**What is expected**
Go to the line holding "Coussinets d'oreille de" in the entries below and write out exactly every line down to and including the line holding "[ трудно найти".

**Supplied material**
════════════════════

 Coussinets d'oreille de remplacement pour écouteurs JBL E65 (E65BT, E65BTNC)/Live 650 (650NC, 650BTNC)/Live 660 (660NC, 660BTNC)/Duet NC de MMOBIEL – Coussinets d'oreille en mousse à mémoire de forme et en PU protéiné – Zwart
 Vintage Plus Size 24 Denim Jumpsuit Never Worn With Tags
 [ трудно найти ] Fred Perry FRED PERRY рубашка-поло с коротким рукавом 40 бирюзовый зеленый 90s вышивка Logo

════════════════════

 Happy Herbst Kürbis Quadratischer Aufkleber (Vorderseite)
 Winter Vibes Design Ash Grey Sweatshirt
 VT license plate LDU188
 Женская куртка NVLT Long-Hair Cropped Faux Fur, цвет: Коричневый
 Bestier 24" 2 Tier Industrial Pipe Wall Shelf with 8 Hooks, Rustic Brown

════════════════════

**Solution to this task**
 Coussinets d'oreille de remplacement pour écouteurs JBL E65 (E65BT, E65BTNC)/Live 650 (650NC, 650BTNC)/Live 660 (660NC, 660BTNC)/Duet NC de MMOBIEL – Coussinets d'oreille en mousse à mémoire de forme et en PU protéiné – Zwart
 Vintage Plus Size 24 Denim Jumpsuit Never Worn With Tags
 [ трудно найти ] Fred Perry FRED PERRY рубашка-поло с коротким рукавом 40 бирюзовый зеленый 90s вышивка Logo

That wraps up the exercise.